Eric: Reread my last answer. If you can’t get a Tsunami X15, then I’d say get a boat with rocker. A river kayak is good. Even a cheapo sit-on-top is fine, as long as it is maneuverable.
FP: Ok, let’s move onto rock gardening. For beginners who want to play amongst the rocks, what particular skills should we focus on acquiring first up?
Eric: Rough-water swimming, rescues of all types, rolling, and surfing.
FP: Inevitably, we’re going to fall out of our boats in the rock zone. What is the best approach to get out safely when ripped out of your boat in amongst the rocks?
Eric: Get out quickly! If you have a SOT (sit-on-top) such as the X-15, just jump back aboard and paddle back out fast. If you have a sit-inside kayak, decide quickly to either re-enter & roll and then get outside or swim your boat out. If you really mess up, go into shore or climb high onto a rock and consider your options. The most important thing is never let your body take a beating on the rocks. This is a complex subject. I deal with this issue in one of my blog posts (http://tsunamirangers.com/2011/04/11/between-a-rock-and-a-hard-wave/). Check this out and read all the comments.
FP: There’s some strong opinions on the type of paddles best suited to this type of paddling, with many frowning on my use of a Greenland paddle in the froth. What do you prefer to use and am I an idiot for sticking with my GP?
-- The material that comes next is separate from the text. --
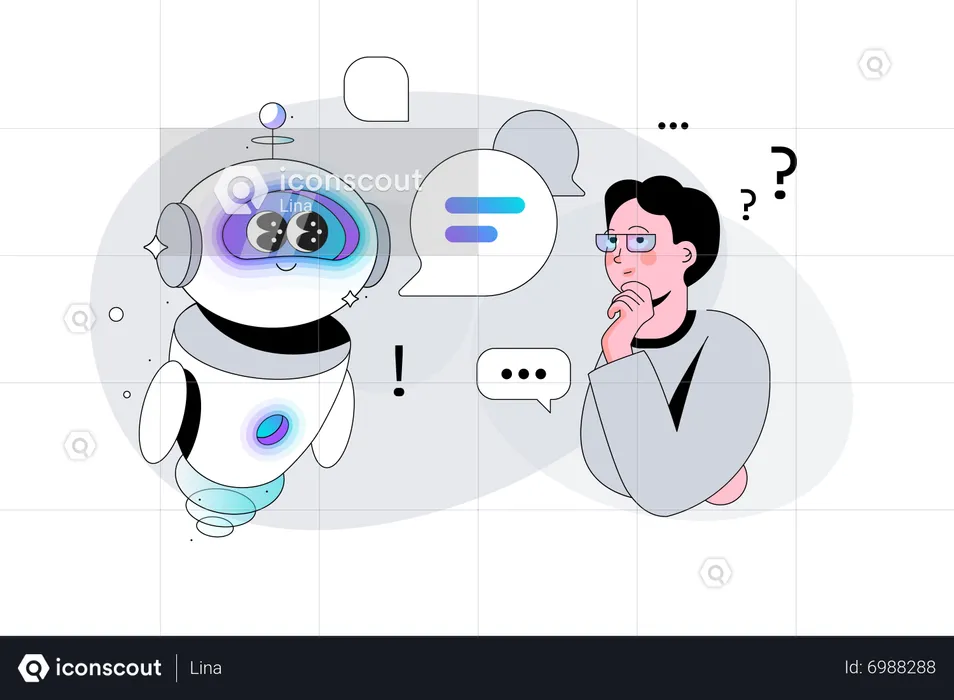 Homem faz pergunta ao robô de inteligência artificial  Ilustração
Eric: Your GP is fine. I’d recommend a GP (or any paddle) with reinforced tips, so it has less chance to break. Graphite is no good. I use a Merv Larson surf paddle made of compressed Kevlar. I’m learning to use a GP and have even used a canoe paddle. My current GP is too delicate (light cedar), so I’m hankerin’ for one with reinforced tips. Bottom line: other than graphite, any paddle which the boater can use easily and roll with is fine.
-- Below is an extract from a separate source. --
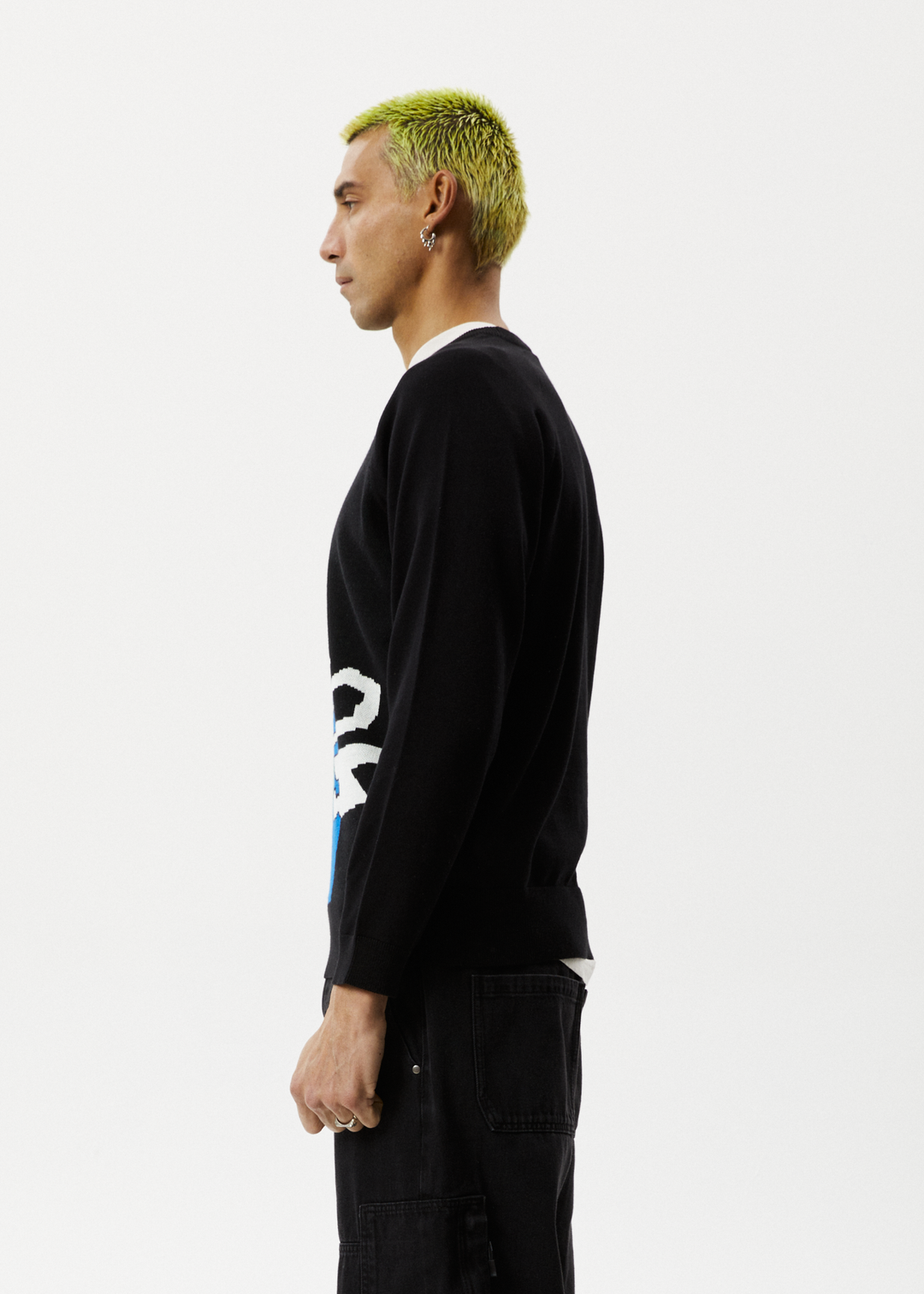 Afends Mens Orbital - Raglan Knitted Crew Neck Jumper - Black - Sustainable Clothing - Streetwear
FP: Eric, it’s been a real pleasure to get your insights on this. Do you have any final advice for those of us who want to give this type of dynamic paddling a go?
Eric: Yes. Read books and watch videos on kayak surfing to keep you motivated and to fill in knowledge holes. If you can find mentors to help you, provide them with lots of beer from your dwindling six-pack, and feed them sausages from the barbie. Seafood is good. If you can’t get a mentor, take a clinic or two from someone reputable (recommended by people you trust). Of course, experience is your best teacher, so boogie out to the surf and Ride the Grooveline!
FP: Commander Eric Soares, Tsunami Rangers. Thank you kindly for your time.
Note: Eric and fellow Tsunami Ranger John Lull have just posted an excellent article on exiting the surf, an area I hadn’t even thought to touch on! Read their excellent article here.
Build on the “team” spirit and watch each other in the surf and rocks. Support each other with encouraging and helpful advice. Go out regularly and try different locations and conditions. Work on the fine details especially when you re-visit a familiar spot. Paddle at night to increase awareness, especially of sounds and water movement. When learning on your own, take your time.
As always, excellent advice. Thanks Kuk!
FP, this is one of the best “interviews” I have read in a long time :-). While witty it still informs the reader on the in-and-outs of rock gardening. Great light hearted article.
Haha, thanks GDawg, you know us, never ever too serious. 😉
Very nice layout with the pics and interview. If you have more questions in the future, feel free to ask.
RIP Eric and thanks for the inspiration.